Pour tenter de répondre à ces interrogations, quoi de plus normal qu’un expert en la matière pour nous éclairer sur la situation. Il s’agit notamment de M. Salif Kindo, spécialiste de la technologie blockchain et de la monnaie numérique au Burkina Faso.
C’est un monsieur détendu que l’équipe du Digital Magazine a rencontré dans ses bureaux, sise à la Zone 1 dans la matinée du vendredi 17 juin 2022. Celui pour qui la technologie blockchain est une vraie passion a bien voulu se prêter à nos questions-réponses.
Présentez-vous à nos lecteurs
Je suis Salif Kindo, Ingénieur informaticien, plus particulièrement développeur de formation.
Quelle est votre activité professionnelle actuelle ?
Je suis promoteur d’une entreprise informatique du nom de Digital Soft Computer (DISCOM). Il faut noter que DISCOM fait du génie logiciel à savoir le développement de logiciels, d’applications mobiles, web, de sites web dynamiques, etc.
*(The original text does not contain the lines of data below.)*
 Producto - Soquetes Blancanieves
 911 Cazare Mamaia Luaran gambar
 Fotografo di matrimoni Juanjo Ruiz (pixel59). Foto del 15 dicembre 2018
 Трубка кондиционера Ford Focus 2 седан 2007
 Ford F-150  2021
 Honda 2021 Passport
La société fait également de la monnaie numérique et nous avons notamment crée le Texacoin et le Sankcoin. Il faut ajouter que DISCOM possède également un média en ligne à savoir Burkina Online. Et à mes temps perdus, je suis producteur de musique.
Dites-nous, qu’est-ce qu’une cryptomonnaie et depuis combien de temps elles existent ?
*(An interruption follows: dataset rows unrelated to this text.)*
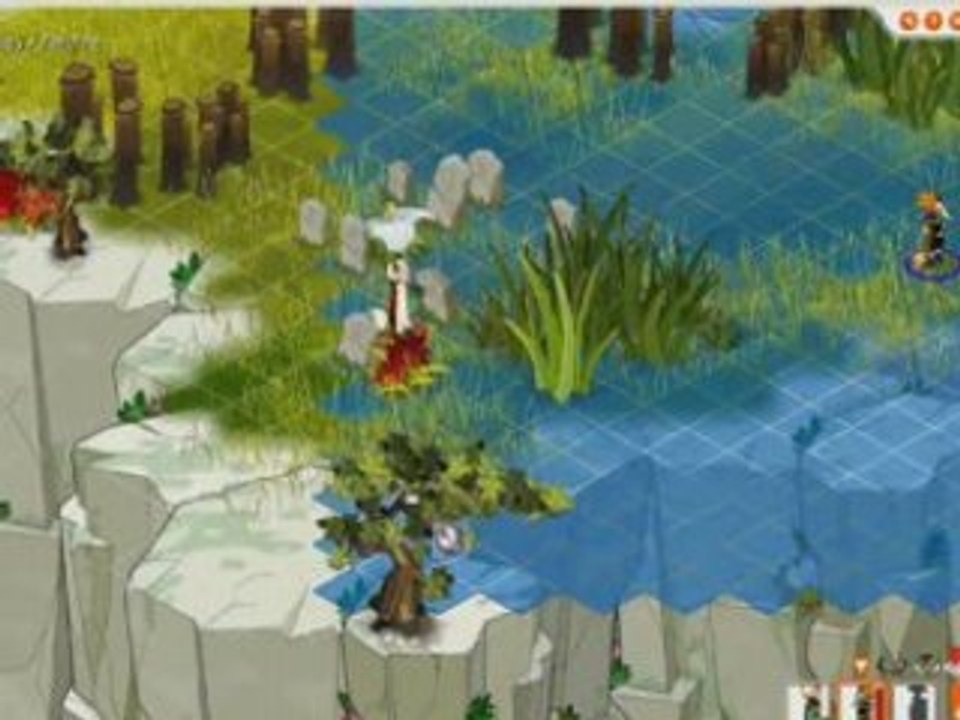 Deolynx mon cra level 43 Incarnam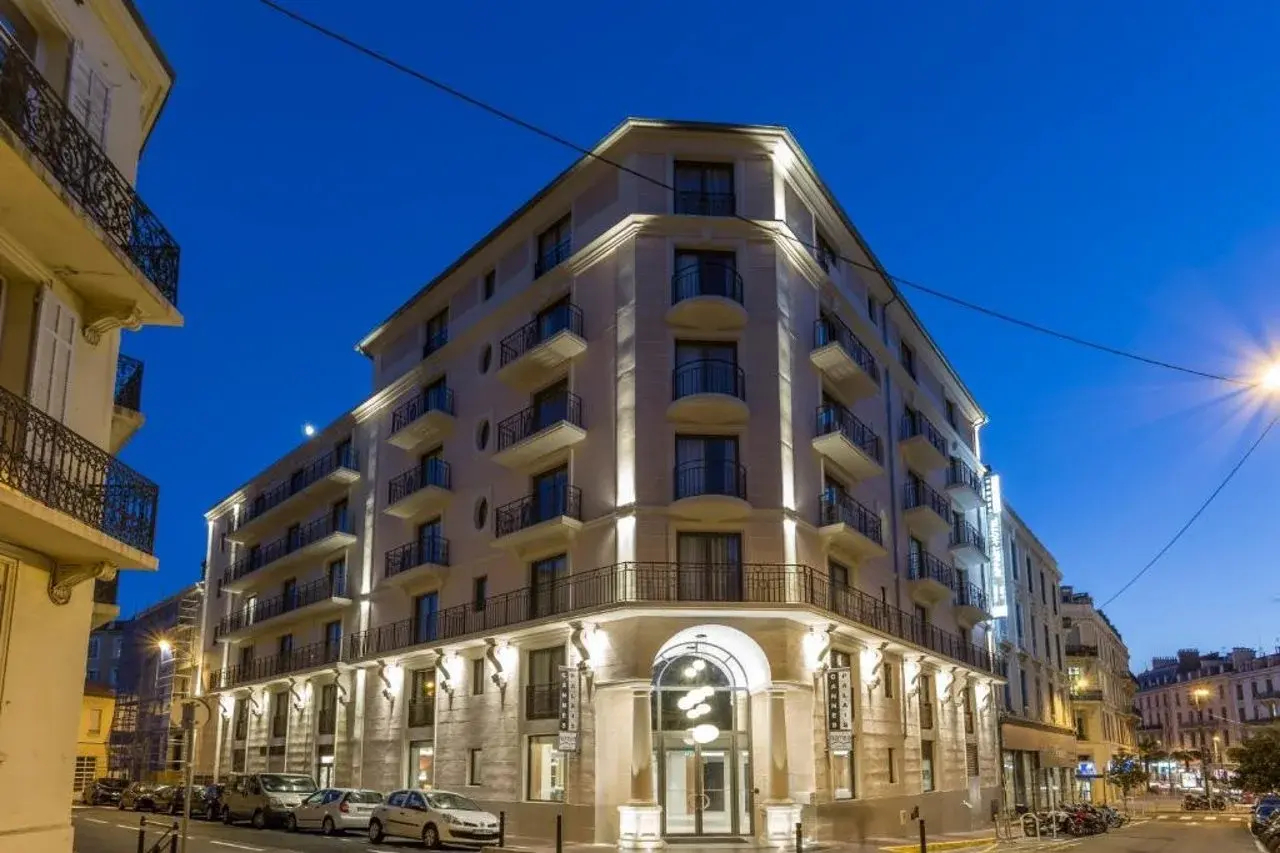 Foto - Nemea Appart Hotel Cannes Palais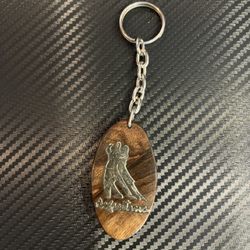 Argentina Tango key chain. 
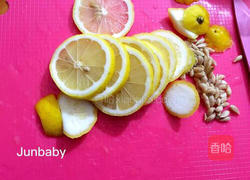 川贝柠檬膏的做法图解4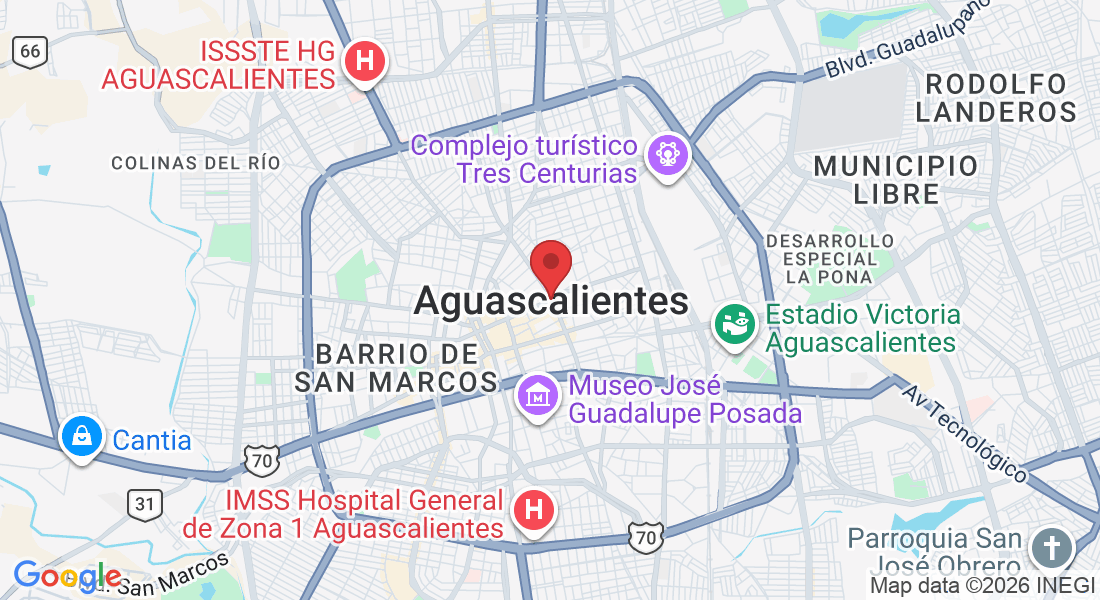 Aguascalientes, México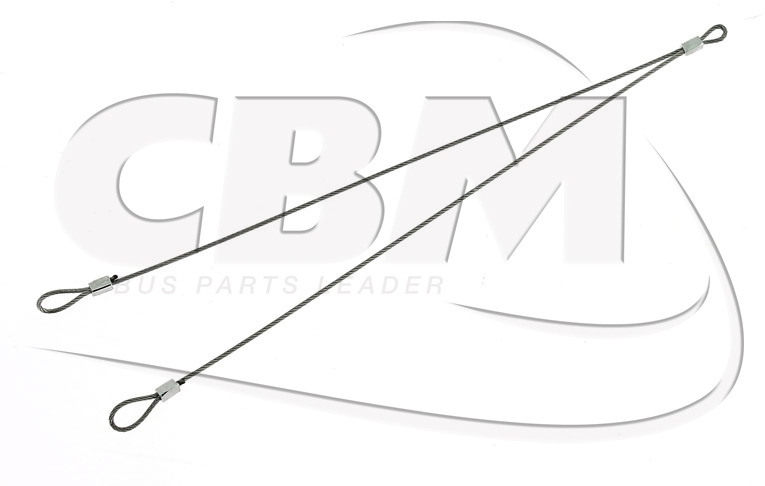 VALEO THERMAL VENTILATION HATCH SECURITY CABLE - DAF (1518640) - Kabel/ Kawat harness untuk Bus: gambar 1 VALEO THERMAL VENTILATION HATCH SECURITY CABLE - DAF (1518640) - Kabel/ Kawat harness untuk Bus: gambar 1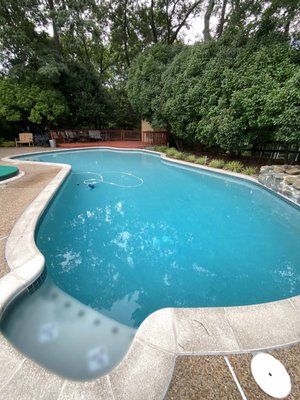 F & K Pool Service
La cryptomonnaie, c’est techniquement un bout de programme informatique, c’est du code informatique déployé sur une plateforme qu’on appelle Blockchain. Dans la pratique, la cryptomonnaie est une monnaie numérique décentralisée, une monnaie virtuelle qui n’a pas d’existence tangible. Elle est également une monnaie créée par des privés qui ne sont ni des banques commerciales, ni des banques centrales, ni des États. Voici un peu la particularité de cette monnaie. Elle utilise la technologie Blockchain pour fonctionner. Il existe environ 15.000 cryptomonnaies de nos jours dans le monde avec une capitalisation boursière qui oscille entre 2.000 et 3.000 milliards de dollars. Laissez-moi vous citer quelques-unes : le Bitcoin qui est la mère de toutes les cryptomonnaies, il y’a l’Ethereum, Litecoin, XRP, Polcadot, Solana, Cardano et aussi le TexaCoin qui est une des cryptomonnaies que nous avons créées.
Quelle est la genèse de la cryptomonnaie ?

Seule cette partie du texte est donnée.